There’s also the spin on it that DD is more eco-friendly. It doesn’t require plastic boxes or to be shipped anywhere. In a crazy world where the government actually cared about gaming other than putting sometimes crude age-restrictions on games, would they think about offering tax-reliefs, help or just a pat on the back for releasing a game as DD, from the eco point of view? The whole thing can also be friendly to small companies with lower budgets, still being able to release their titles which helps in this crazy economy-tight times.
Gameshops a
re being refered to as ‘brick and mortar’ stores due to the above mentioned boxes, and some people think it will eventually go out of business. Indications are already there that it’s slowly happening. A big chunk of the recent layoffs from EA for example was apparently people handling distribution sides and contacts with major stores and so forth. Companies are already catching on to this trend, which also ties in with another ‘new’ trend called DLC (which I will talk about in the next part), and who can blame them?
Going back to the collector-part of all of this, we can once again look at Steam. They have a simple neat list of the current games (and related achievements) easy accessible to everyone. Again the holy might of the Internet has changed how we interact as gamers, even the slightly silly ones like me. Is DD ultimately a good thing? I’d like to think so. If nothing else because I live in a shoebox they’ve mistakenly labeled as apartment.

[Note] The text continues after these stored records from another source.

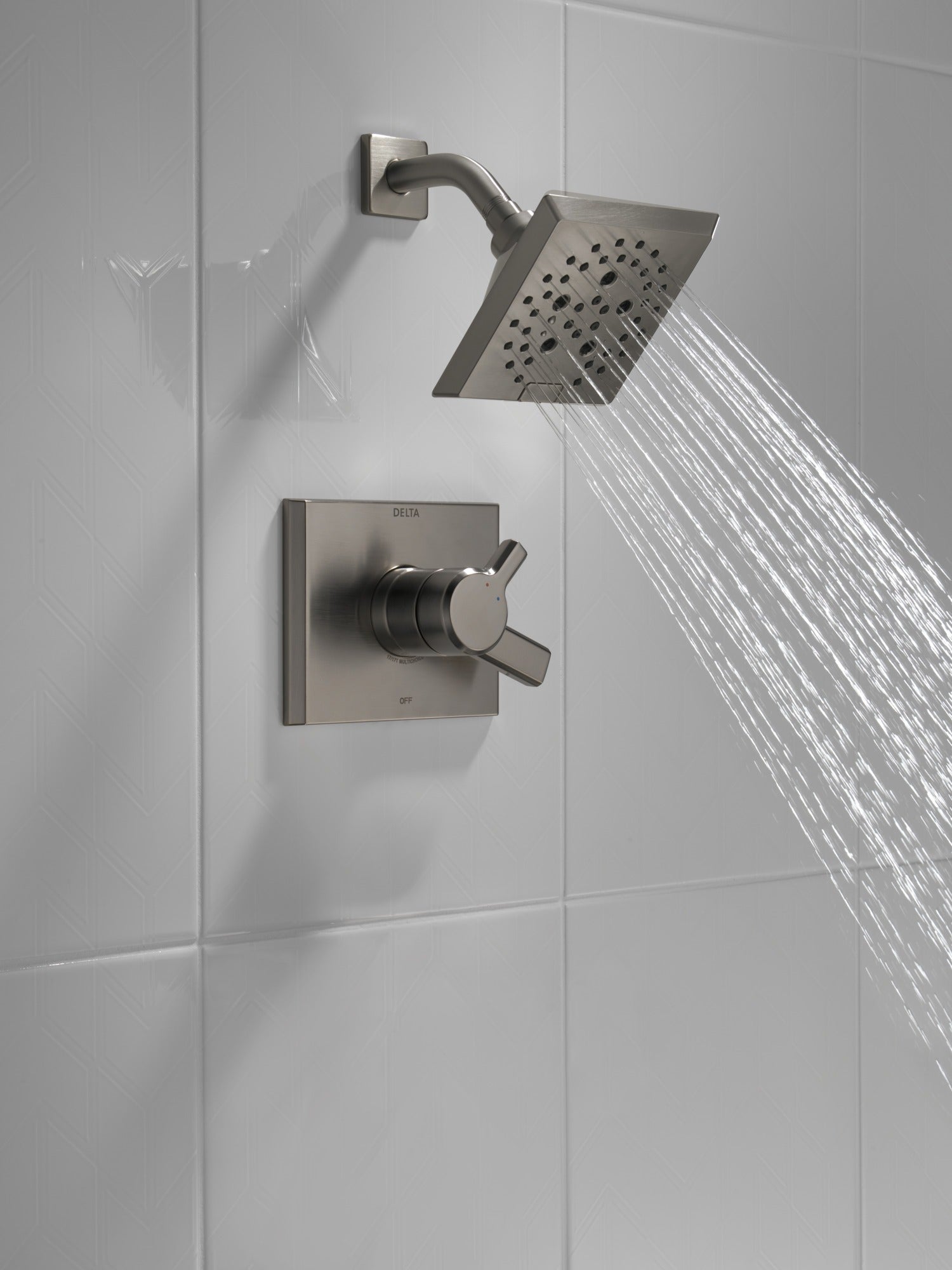 Delta Pivotal® Monitor® 17 Series H2OKinetic® Shower Trim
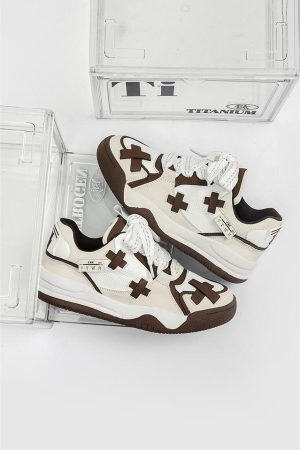 Style Core Aesthetics, New Style Trends - 'Patched' Shoes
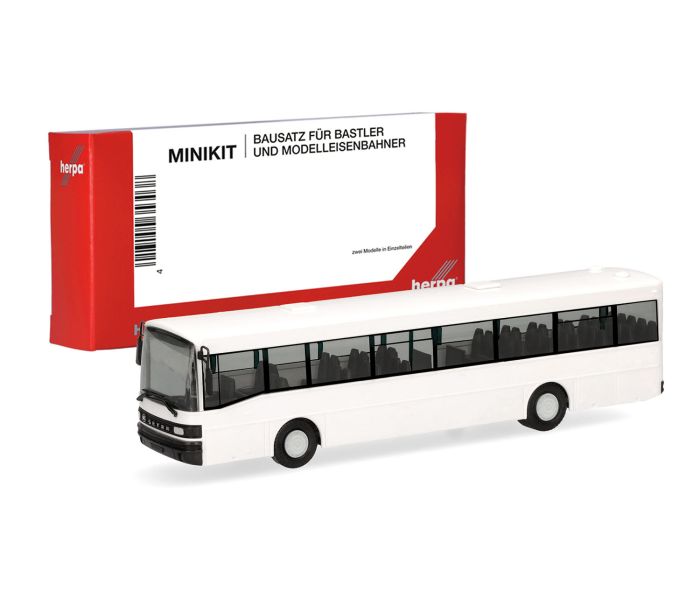 Minikit Setra 215 SL White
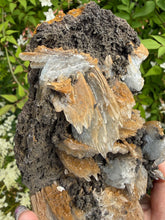 Load image into Gallery viewer, Rare Blue Barite Baryte from Morocco
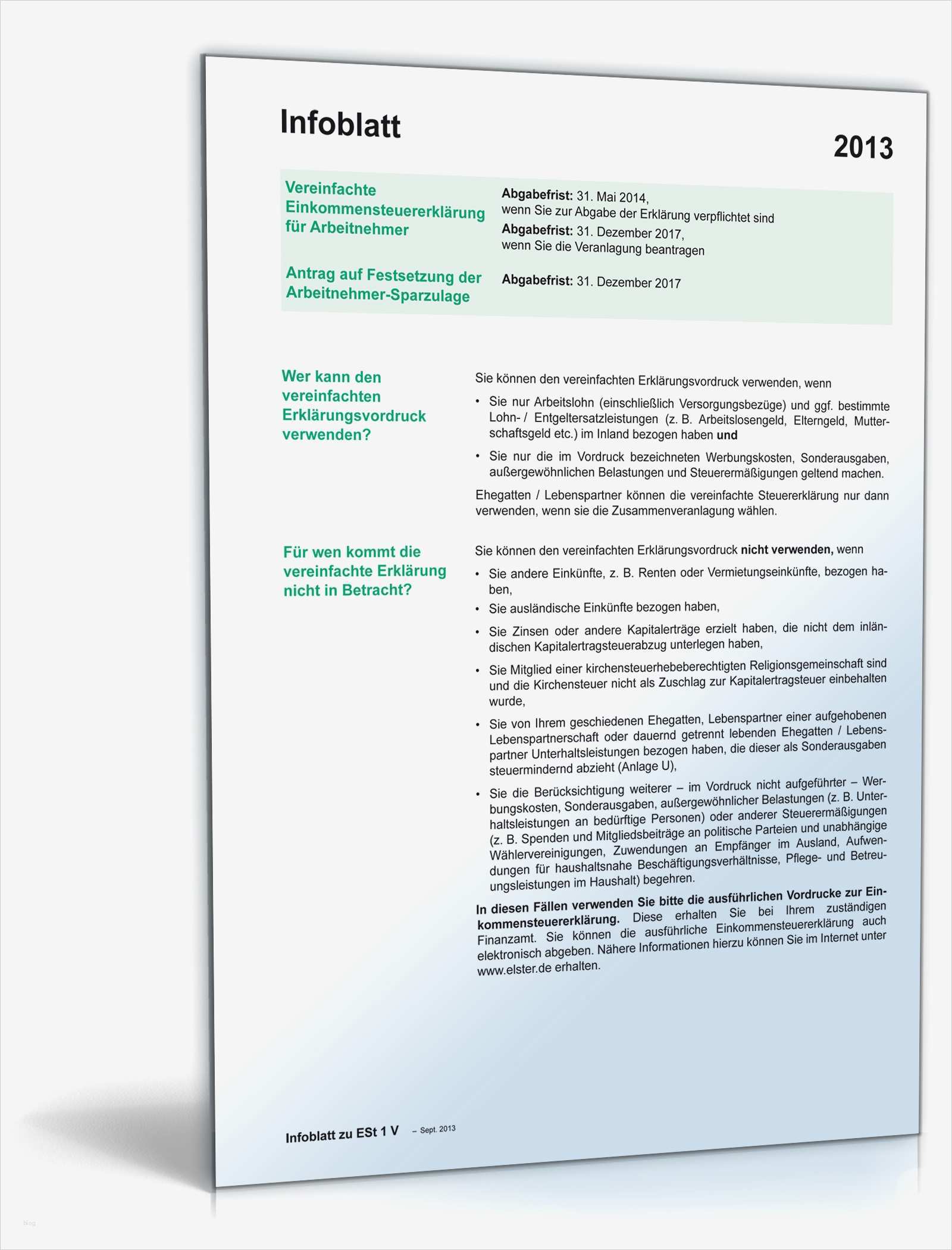 Einkommensteuererklärung Vorlage Elegant Beliebte Downloads • Steuer 2014 Dokumente & Vorlagen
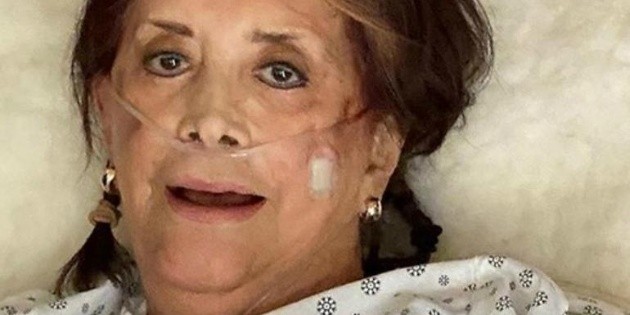 Cecilia Romo sufre rev&eacute;s en su salud y la hospitalizan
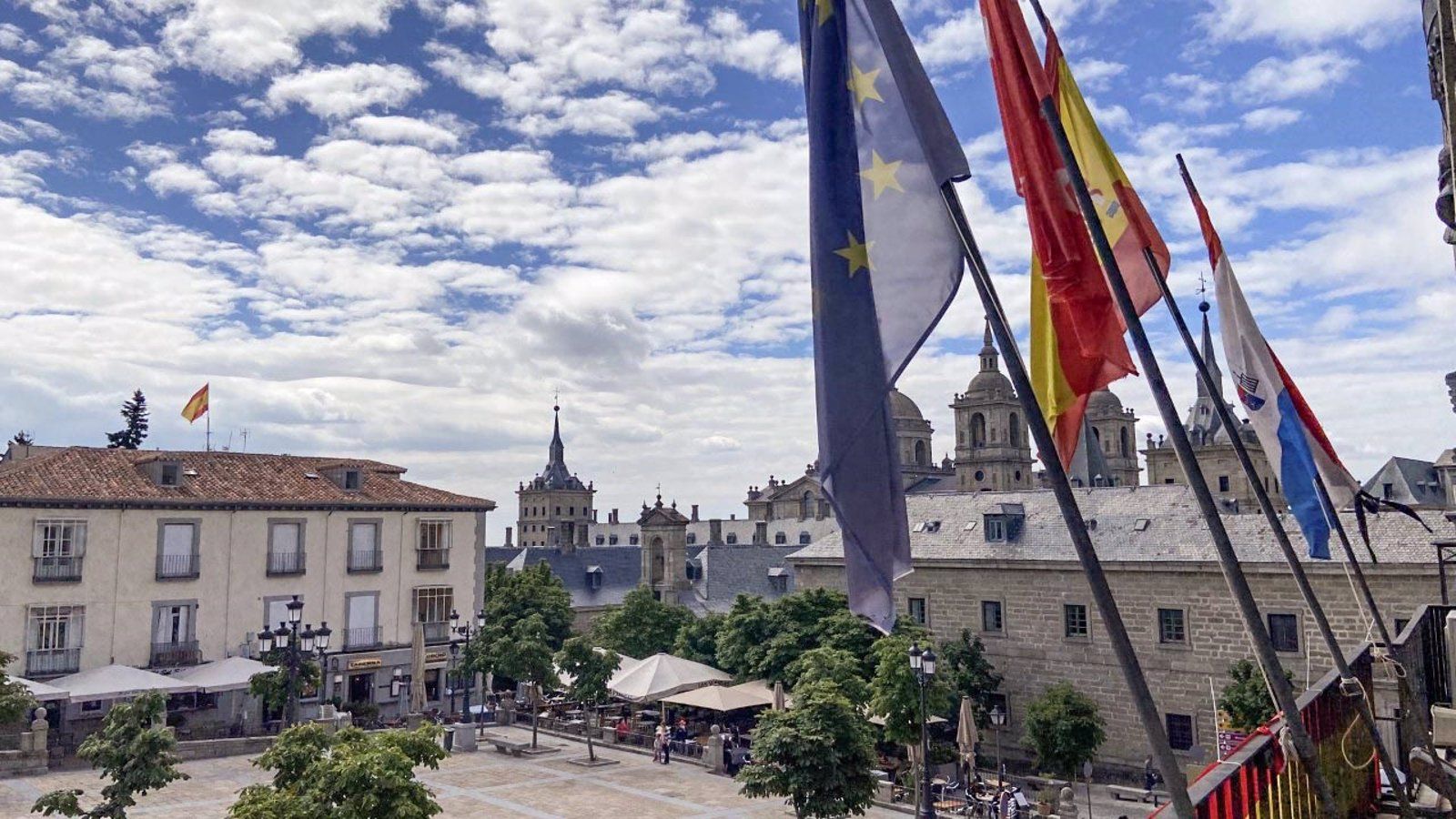 La Comunidad rehabilitará el Paseo de Juan de Borbón y Battenbergen en San Lorenzo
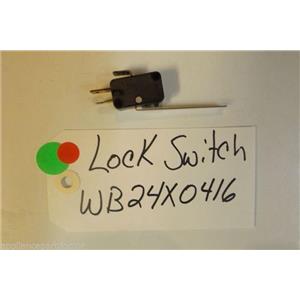 KENMORE Stove WB24X0416   Lock switch   USED PART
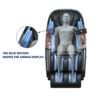 RELAXA L39 SL Guide Rail HIFI Bluetooth Musical Electric Massage Chair - Image 9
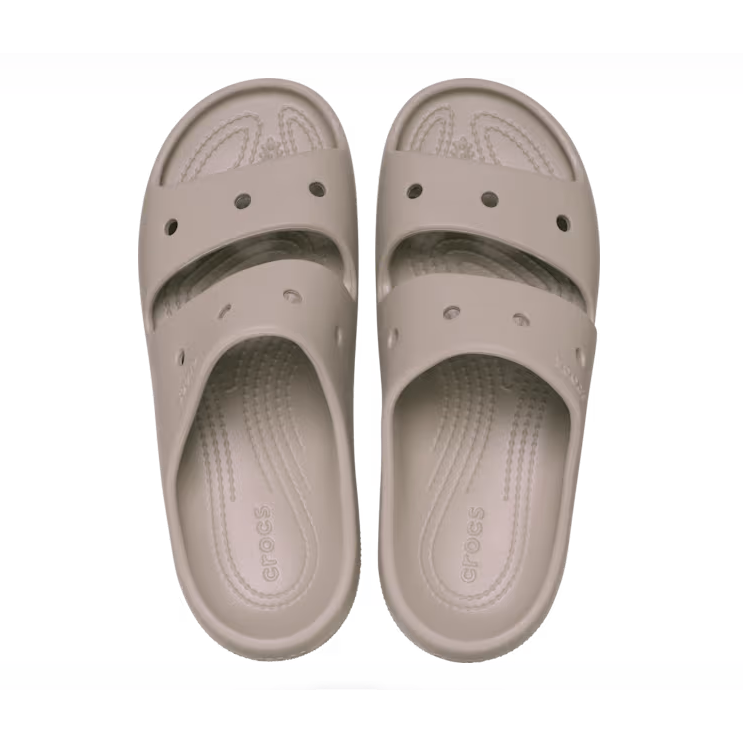 Crocs Womens Sandal Classic V2 Taupe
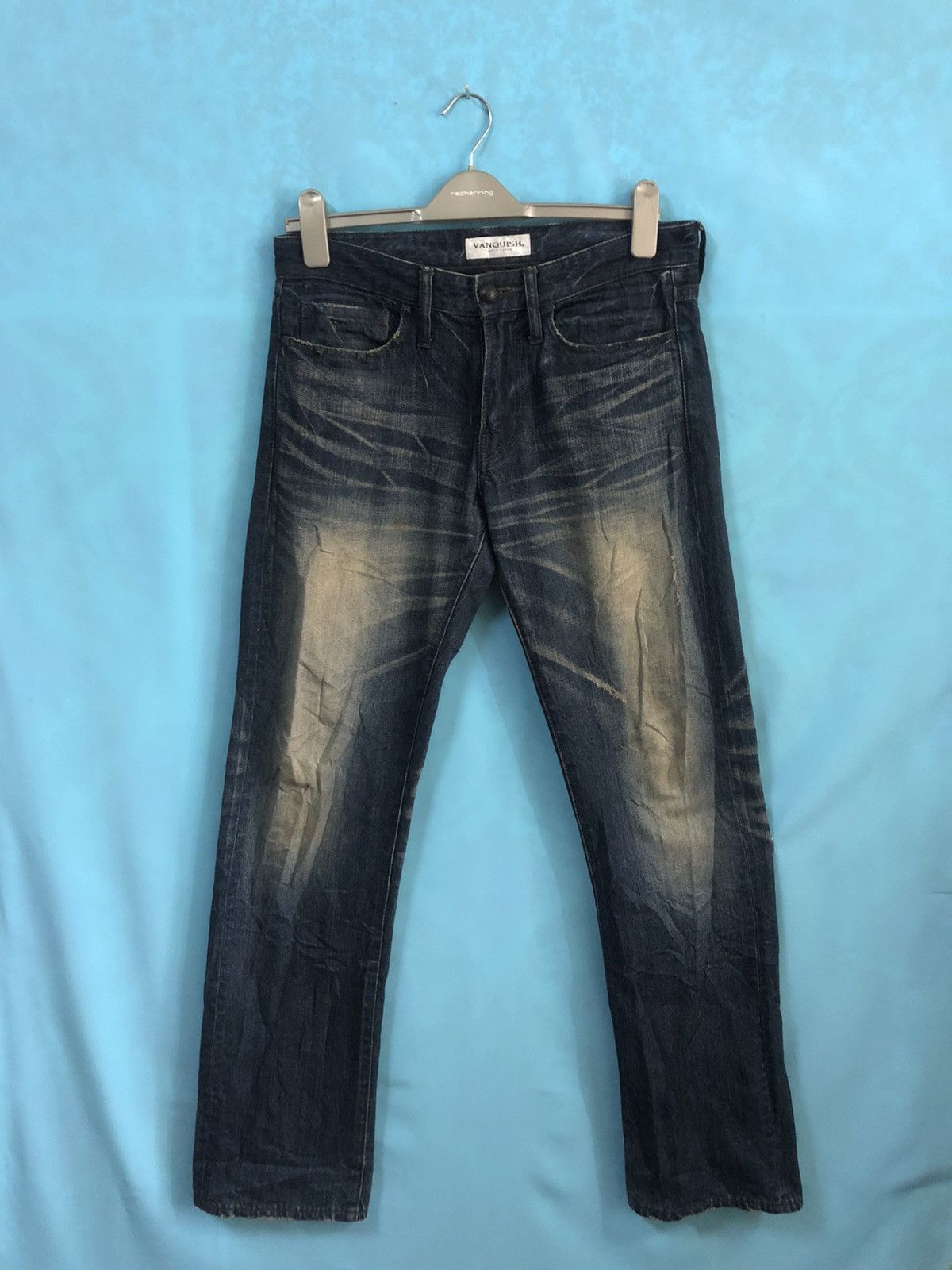VANQUISH WELCOME DISTRESS WASHED SIZE 32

Check back next wee…uhm…time (I will try to be a bit more consistent, honest!) this is updated for part 2 of We’re going digital baby! that’ll be all about DLC.
I’m aware that I’m playing up Steam’s importance in all of this but…have you seen their holiday sales?! If you haven’t, don’t. It’s a trap.
Apologies if the formatting is wonky as fuck in this, as it’s written from a netbook. I would here attach a picture of what a wonky fuck is, but apparently it’s all Paris Hilton, so I’ll save you the pain.